• [WORK INSTRUCTIONS]:
What is needed is a faithful copy of all the entries, with no pictures in it.

• [PROVIDED INFORMATION]:

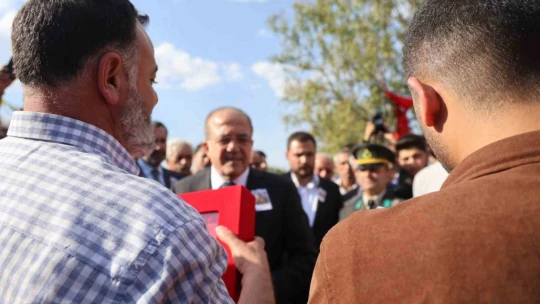Şehit cenazesine katılan Bakan Yardımcısı Alpay: ''Terörün kökünü kazıdık, kazımaya devam ediyoruz''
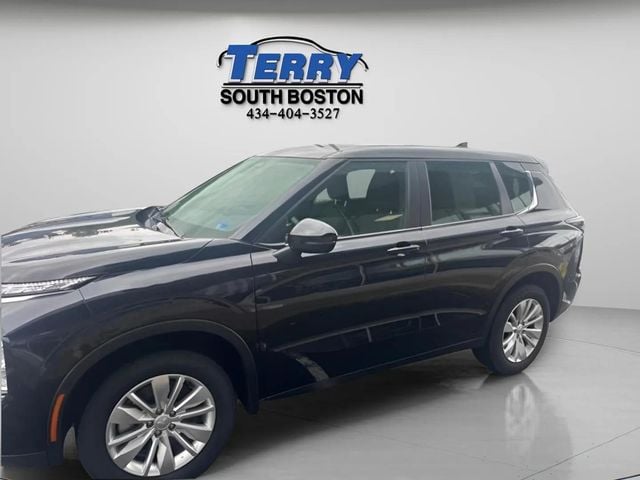 2025 Mitsubishi Outlander ES Photo in Boston VA 24592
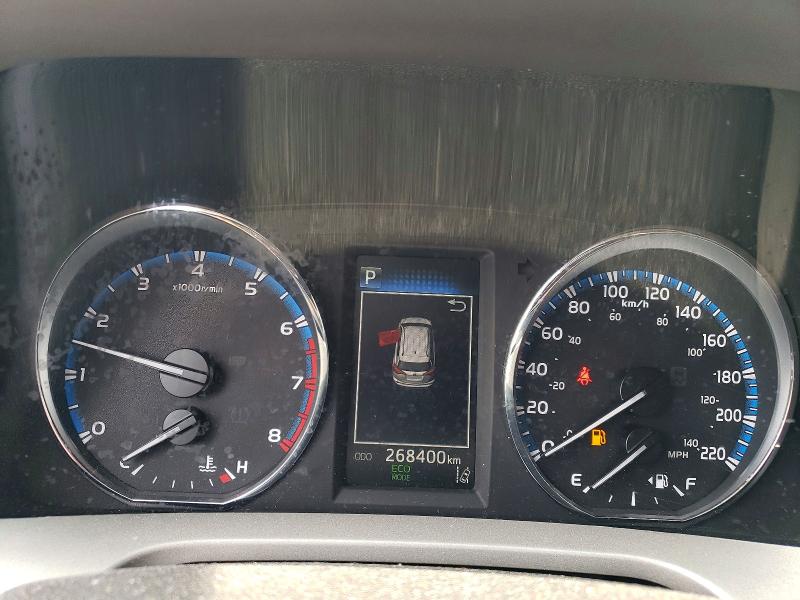 Photo 9 from auction – 2017 TOYOTA RAV4 with VIN 2T3BFREV4HW603010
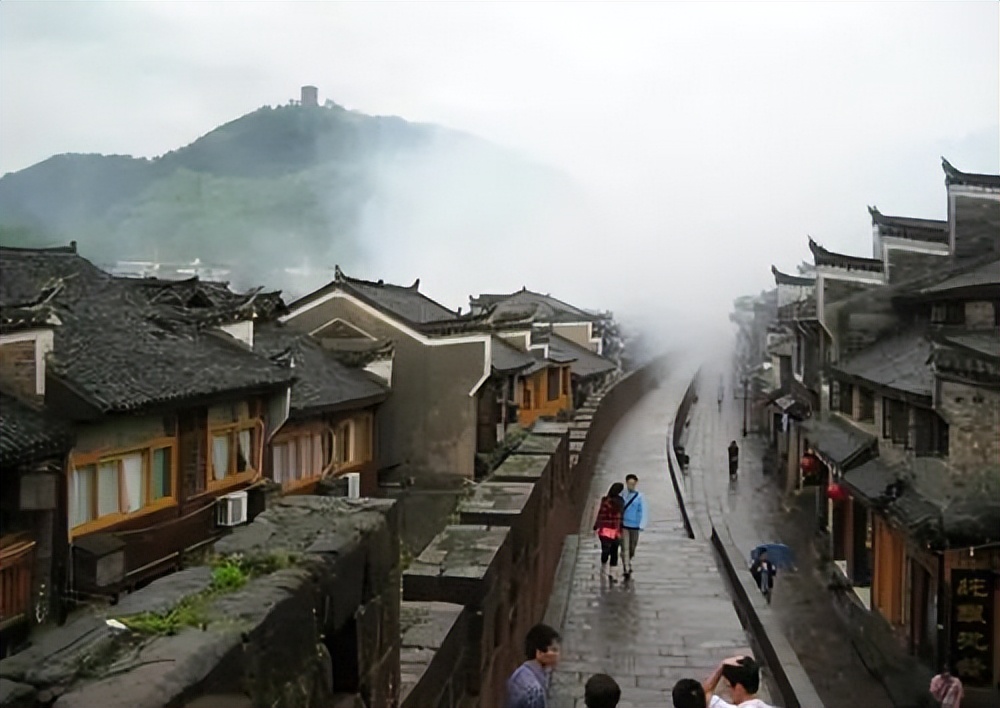 全球十大情侣旅游胜地(适合夫妻牵手旅行的8处风景地，每个都浪漫至极！你们去过几个？)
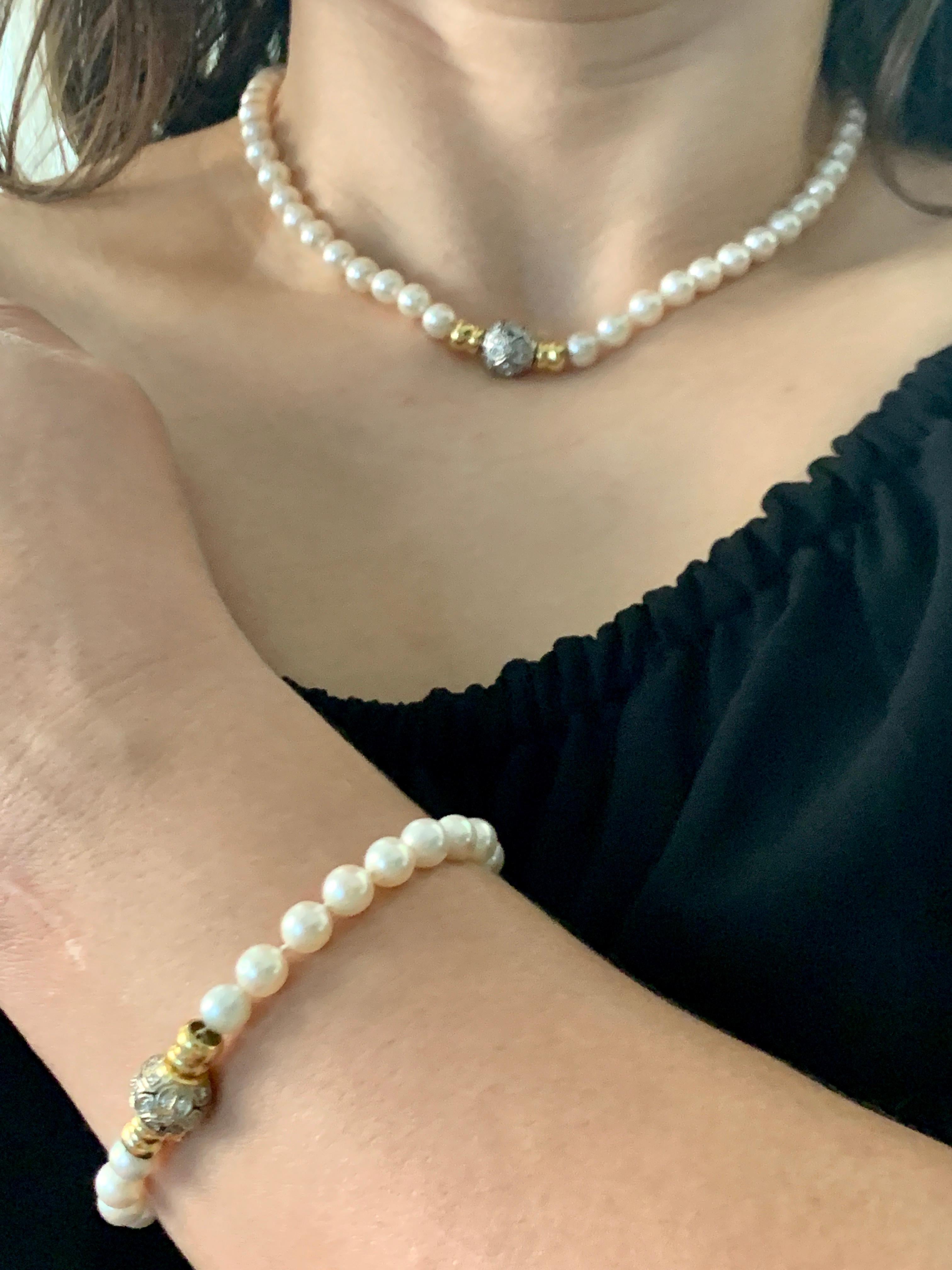 286 Akoya Pearls Strand Necklace and Bracelet Set 18 Karat Gold/ Diamond Clasp For Sale 14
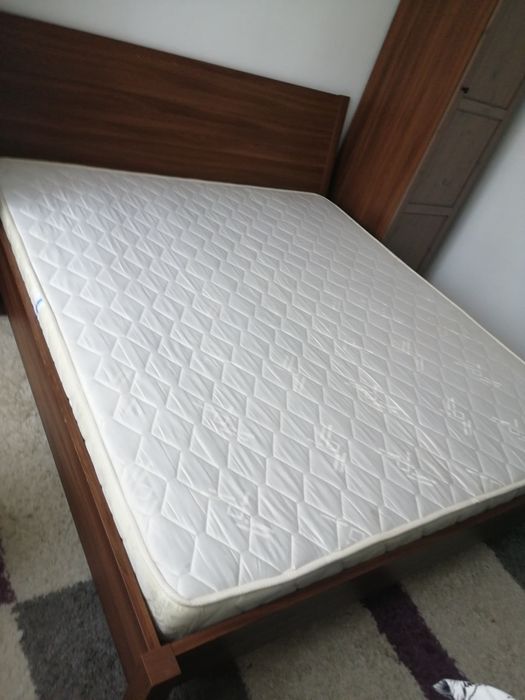 Pat ikea cu saltea 180/200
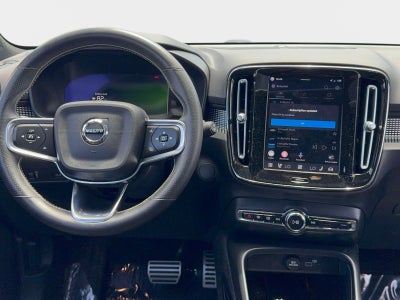 2021 Volvo XC40 Recharge Pure Electric P8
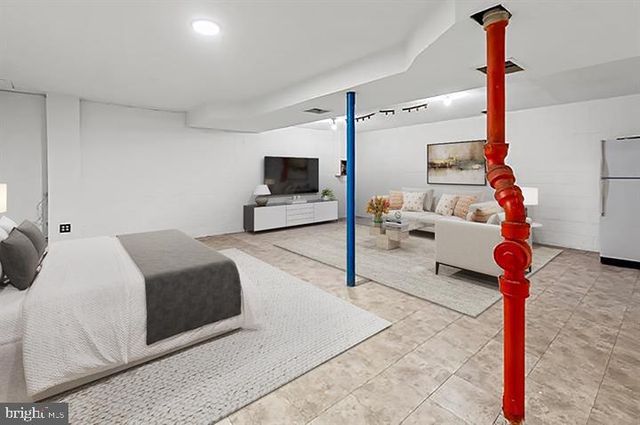 12509 WHITE DR, Silver Spring, MD 20904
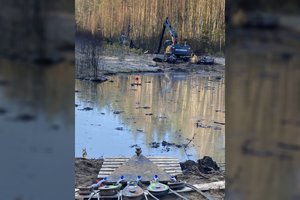 D. Šakalienė: sunkioji technika pasirengusi traukti nuskendusią JAV karinę mašiną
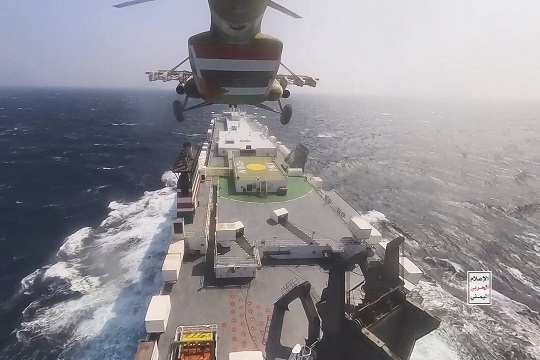 지난해 11월 19일(현지시각) 후티군 병사들이 탑승한 헬기 한 대가 예멘 연안 홍해에서 화물선 갤럭시 리더호에 접근하고 있다. 사진=AP/뉴시스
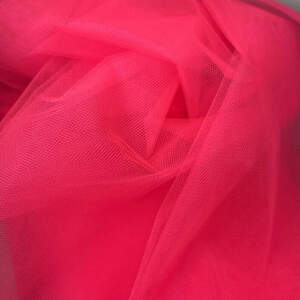 057-Фатин мягкий (средней жесткости) ширина 3м. ЯРКО-РОЗОВЫЙ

• [OUTPUT BELOW]:
Şehit cenazesine katılan Bakan Yardımcısı Alpay: ''Terörün kökünü kazıdık, kazımaya devam ediyoruz''
 2025 Mitsubishi Outlander ES Photo in Boston VA 24592
 Photo 9 from auction – 2017 TOYOTA RAV4 with VIN 2T3BFREV4HW603010
 全球十大情侣旅游胜地(适合夫妻牵手旅行的8处风景地，每个都浪漫至极！你们去过几个？)
 286 Akoya Pearls Strand Necklace and Bracelet Set 18 Karat Gold/ Diamond Clasp For Sale 14
 Pat ikea cu saltea 180/200
 2021 Volvo XC40 Recharge Pure Electric P8
 12509 WHITE DR, Silver Spring, MD 20904
 D. Šakalienė: sunkioji technika pasirengusi traukti nuskendusią JAV karinę mašiną
 지난해 11월 19일(현지시각) 후티군 병사들이 탑승한 헬기 한 대가 예멘 연안 홍해에서 화물선 갤럭시 리더호에 접근하고 있다. 사진=AP/뉴시스
 057-Фатин мягкий (средней жесткости) ширина 3м. ЯРКО-РОЗОВЫЙ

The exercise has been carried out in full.